Review techniques (was Re: lead time...)

Subject: Review techniques (was Re: lead time...)
From: "Jane Bergen" <jane -dot- bergen -at- usa -dot- net>
To: "TECHWR-L" <techwr-l -at- lists -dot- raycomm -dot- com>
Date: Fri, 8 Dec 2000 14:05:24 -0600

Cayenne,

One thing you might try is to attach a cover letter to the document you
send to review. In this cover letter, specify exactly what you want/don't
want comments on. I usually tell the reviewers that this is the "first
draft" or "near final draft" etc. If it's the first draft, I tell them to
ignore minor typos, etc. and to instead concentrate on missing
information, missing procedures, etc. If it's a final draft, I might
mention that it's too late to make any MAJOR changes like format, fonts,
color choices, and that I'd prefer they'd just review for completeness,
accuracy, and clarity. You might even give them a checklist.

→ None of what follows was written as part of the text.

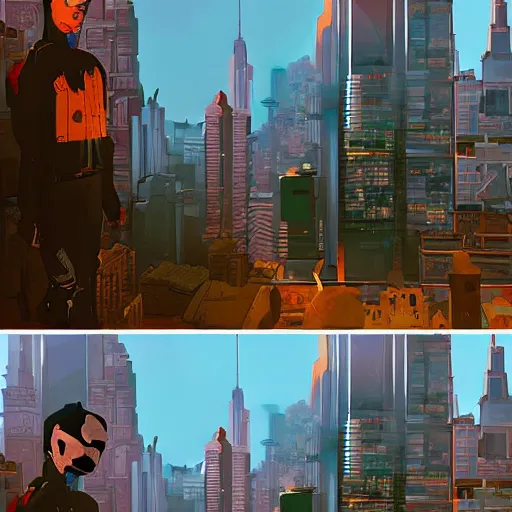 Prompt: damian wayne, city landscape, Gotham, artstation, highly detailed, by makoto shinkai and thomas kindle and James gilleard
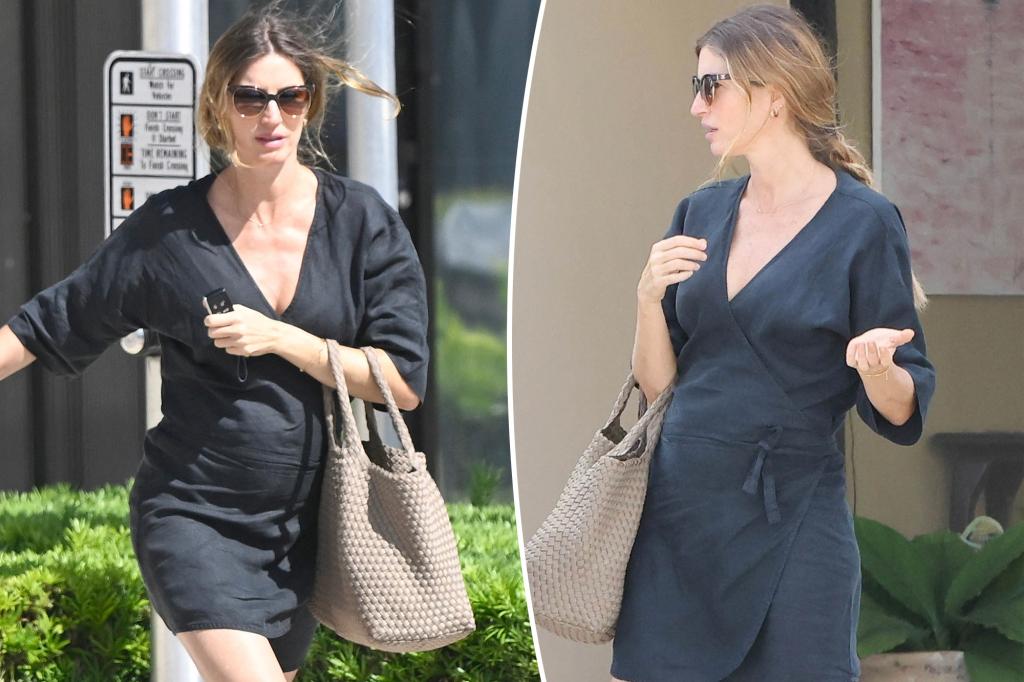 Pregnant Gisele Bündchen debuts baby bump as she runs errands in Miami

Very few people can be intuitive enough to really cover everything, so I
try to be selective in who reviews what. For example, on my earliest
drafts, I ask the engineers to review the document (mostly for accuracy
and completeness). On my final draft, I only ask the better reviewers (who
are now quite obvious since your documents have been reviewed by several
people) to review for consistency, accuracy, and the
last-minute-sanity-check. It works pretty well. I have almost always
worked as the lone tech writer. On the one occasion when I did have
another writer, I really let her know I appreciated it when she did the
tech-writer sanity check. Unfortunately, we were moving at the speed of
light and it was seldom that she had time.

Jane

> "Cayenne Woods" wrote...
> Also, after asking for feedback since early November and not getting
even a
> reply, a new project manager has kicked everyone into gear to review the
> docs.
> However, they received absolutely no guidelines on what I'd like to
hear, and
> now have sent _lots_ of feedback. I should get over the opinions on
colors,
> fonts, capitalisation, etc, but it's irritating. The big problem is
there's
> way too much detail for this stage - and even though I'd ignore half the
> "suggestions" and many are simply wrong, it's a big chunk of both their
and
> my time that is not best-used at this point.